##### Source data
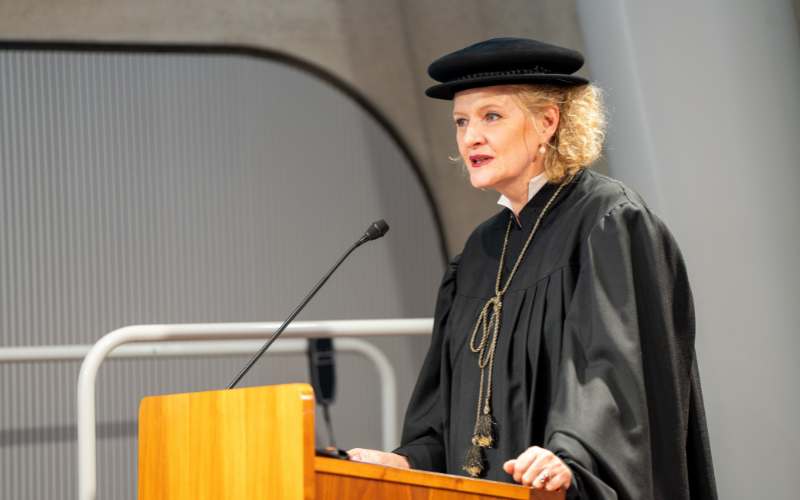 Dozenten im Talar hält Rede am Rednerpult.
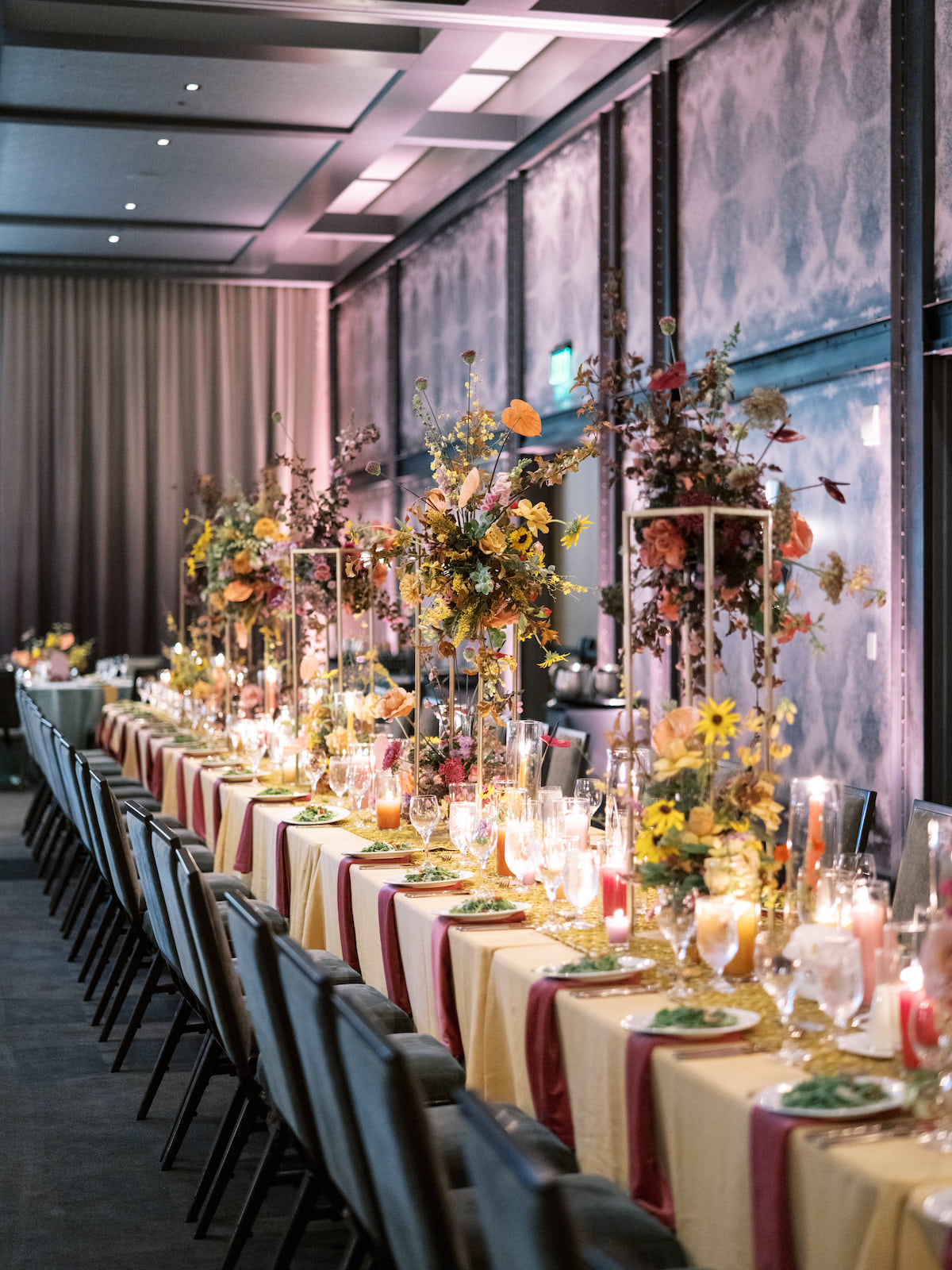 A long table set for a formal dinner with flowers, candles, and fine china.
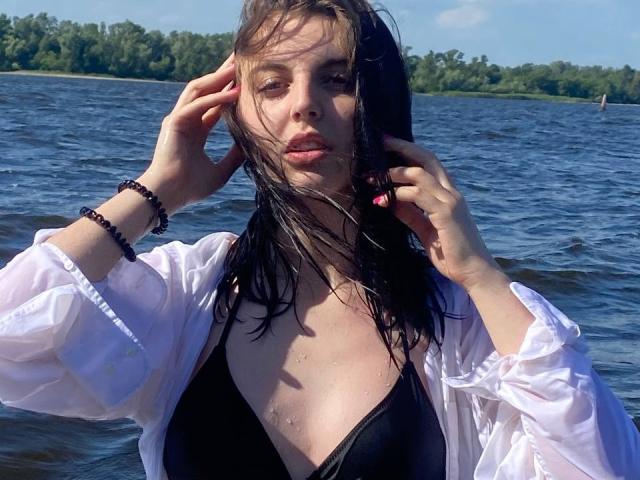 AliceJayms with wet black hair, wearing a white shirt and black bikini top, hands in her hair, blue water, and green trees in the background, sunlight on her face.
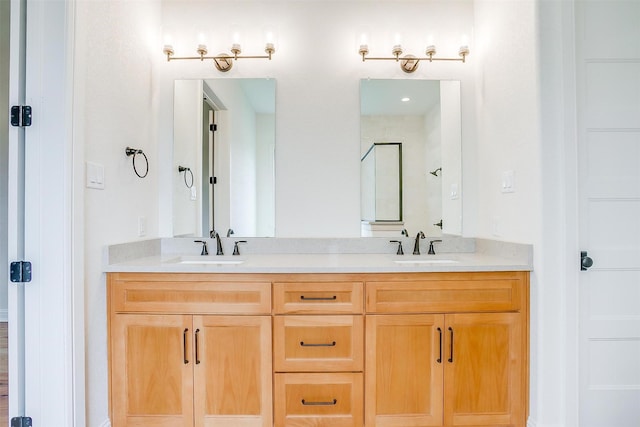 full bath featuring double vanity, a sink, and a shower with shower door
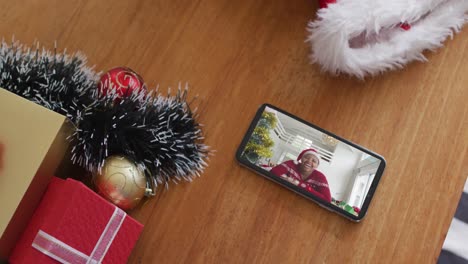 Smiling-african-american-woman-with-santa-hat-on-christmas-video-call-on-smartphone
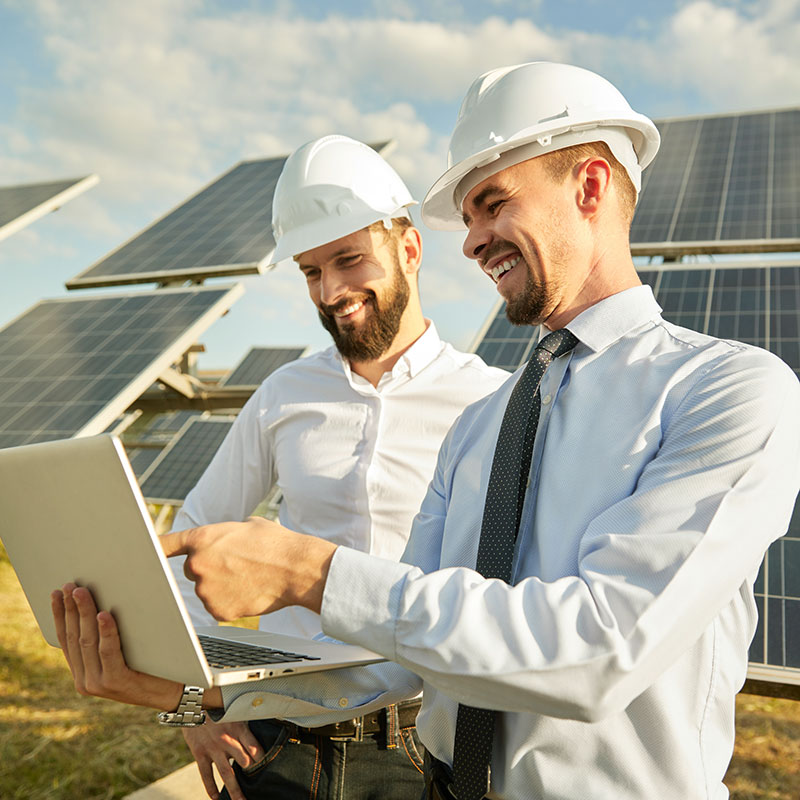 Men discussing the systems and processes of a solar farm
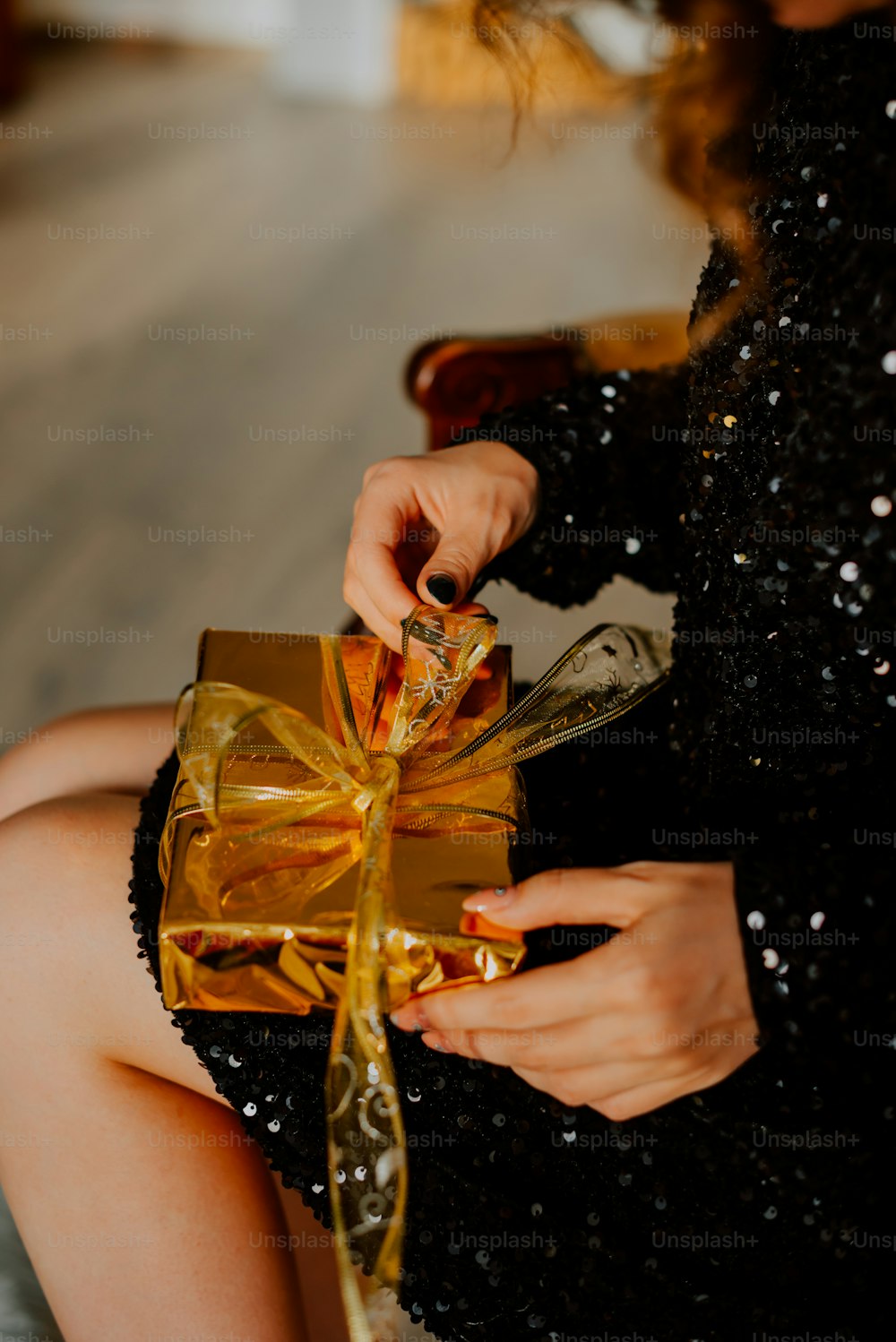 a woman in a black dress holding a gold gift box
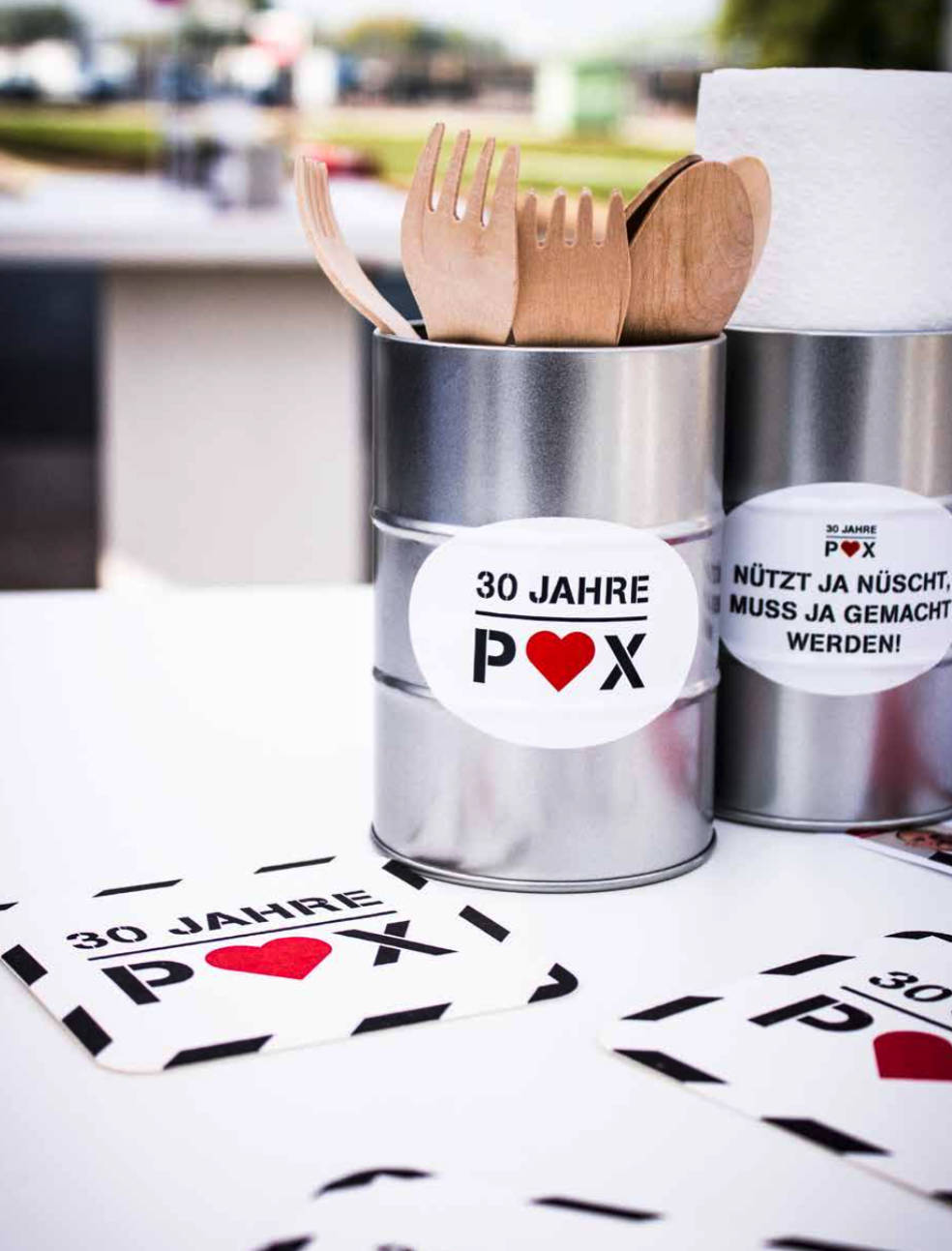 Besteckhalter im Event-Design zeigen Aufschriften wie  „30 Jahre POX“ oder „Nützt ja nüscht, muss ja gemacht werden.“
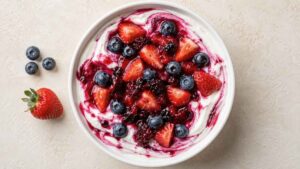 Wide angle shot of a low carb berry yogurt bowl topped with warm blueberries and strawberries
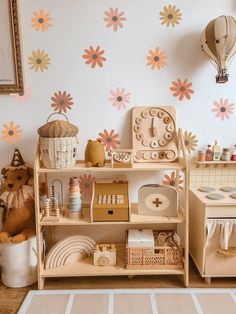 a child's playroom with toys and decor on the shelves, including a clock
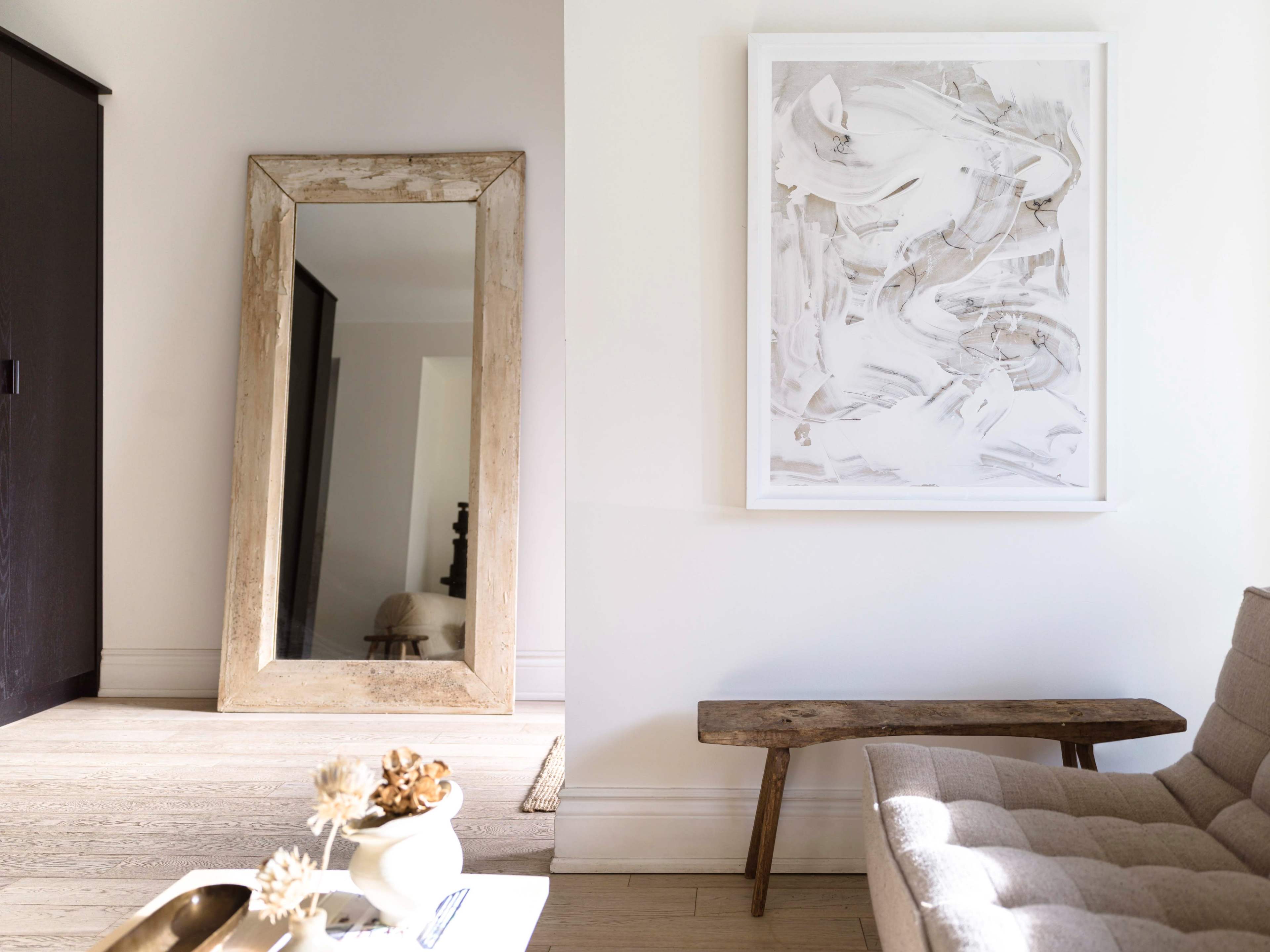 A large rustic mirror stands against the wall next to a simple wooden bench and a piece of abstract artwork hanging above it.
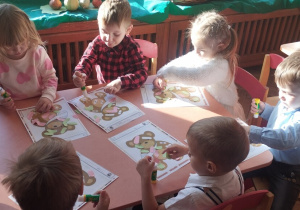 Dzieci przyklejają plastry na rany misia.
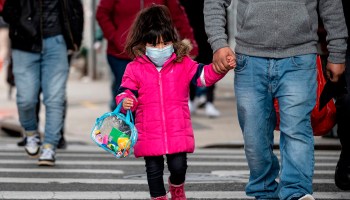 A girl, wearing a mask, walks down a street in the Corona neighborhood of Queens on April 14, 2020 in New York City.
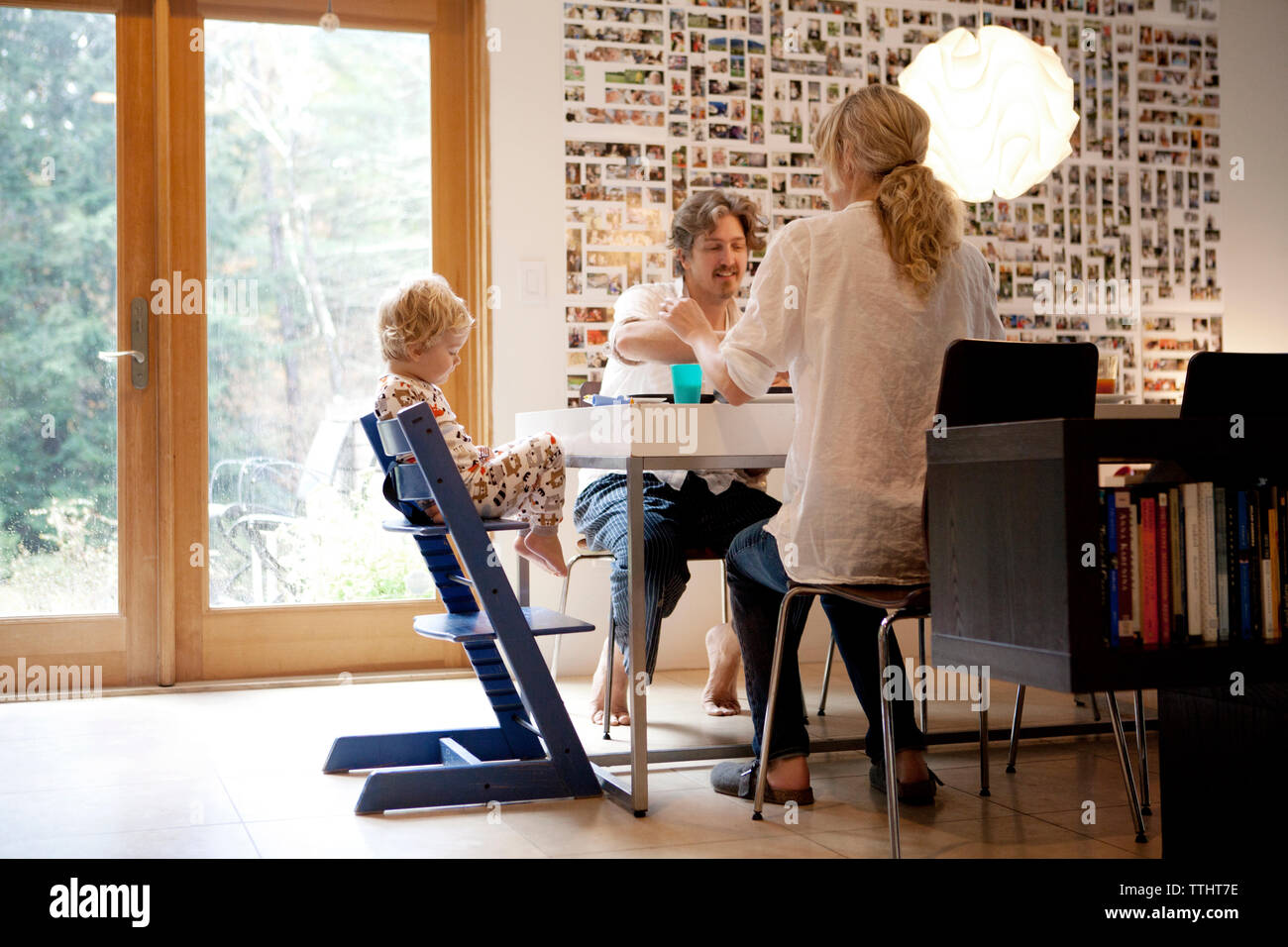 Family having breakfast at table in home Stock Photo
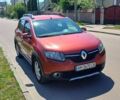 Красный Рено Сандеро, объемом двигателя 1.6 л и пробегом 73 тыс. км за 7400 $, фото 1 на Automoto.ua
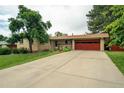 Charming brick home features a well-manicured lawn, mature trees, and a two-car garage with a red door at 1705 Lewis St, Lakewood, CO 80215
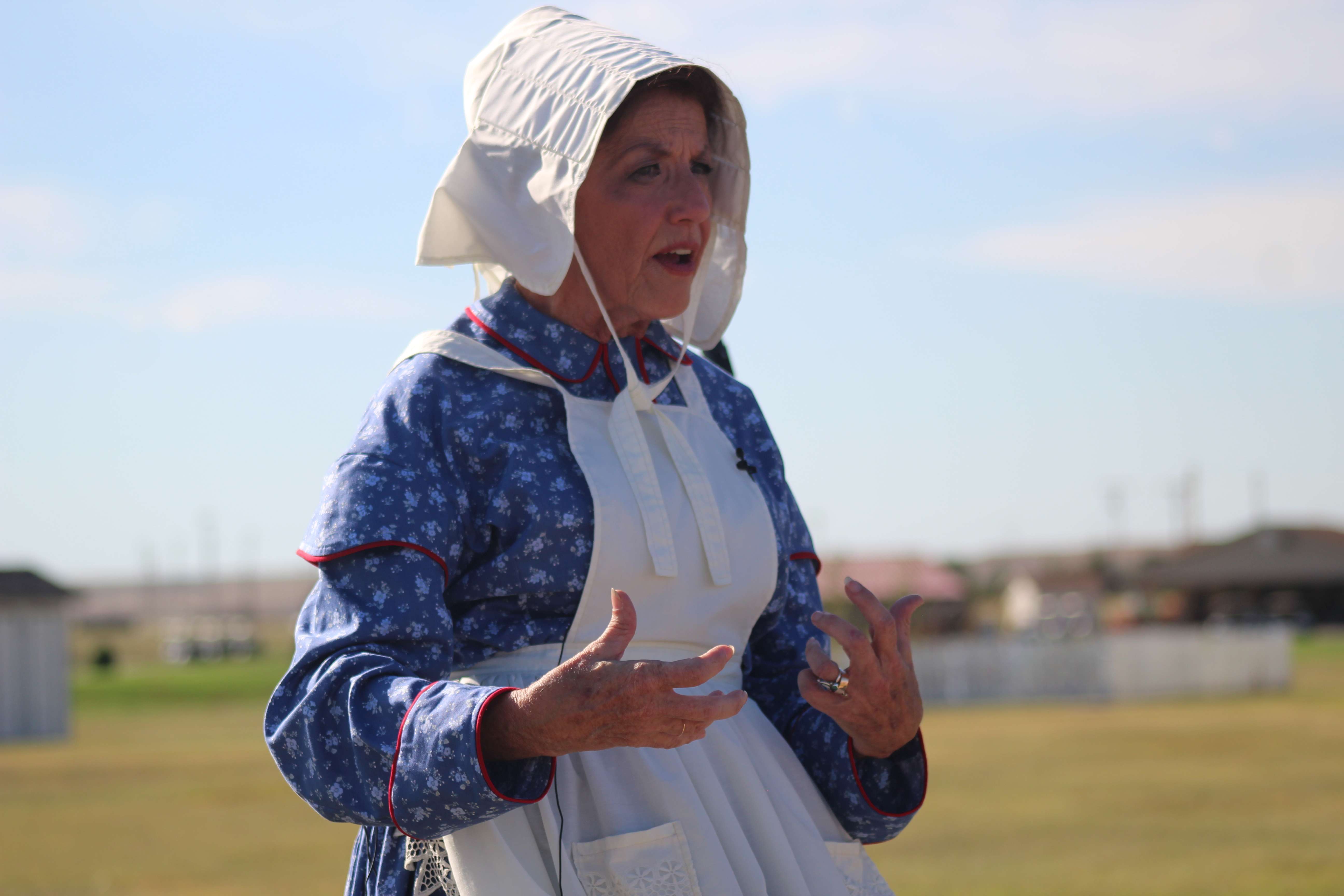 Marla Matkin of Friends of the Fort portrays Elizabeth Polly at the ceremony on Saturday.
##########
Each line above should be written out again unchanged; no images are to be carried over.

Solution for this problem =
 Dozenten im Talar hält Rede am Rednerpult.
 A long table set for a formal dinner with flowers, candles, and fine china.
 AliceJayms with wet black hair, wearing a white shirt and black bikini top, hands in her hair, blue water, and green trees in the background, sunlight on her face.
 full bath featuring double vanity, a sink, and a shower with shower door
 Smiling-african-american-woman-with-santa-hat-on-christmas-video-call-on-smartphone
 Men discussing the systems and processes of a solar farm
 a woman in a black dress holding a gold gift box
 Besteckhalter im Event-Design zeigen Aufschriften wie  „30 Jahre POX“ oder „Nützt ja nüscht, muss ja gemacht werden.“
 Wide angle shot of a low carb berry yogurt bowl topped with warm blueberries and strawberries
 a child's playroom with toys and decor on the shelves, including a clock
 A large rustic mirror stands against the wall next to a simple wooden bench and a piece of abstract artwork hanging above it.
 Dzieci przyklejają plastry na rany misia.
 A girl, wearing a mask, walks down a street in the Corona neighborhood of Queens on April 14, 2020 in New York City.
 Family having breakfast at table in home Stock Photo
 Красный Рено Сандеро, объемом двигателя 1.6 л и пробегом 73 тыс. км за 7400 $, фото 1 на Automoto.ua
 Charming brick home features a well-manicured lawn, mature trees, and a two-car garage with a red door at 1705 Lewis St, Lakewood, CO 80215
 Marla Matkin of Friends of the Fort portrays Elizabeth Polly at the ceremony on Saturday.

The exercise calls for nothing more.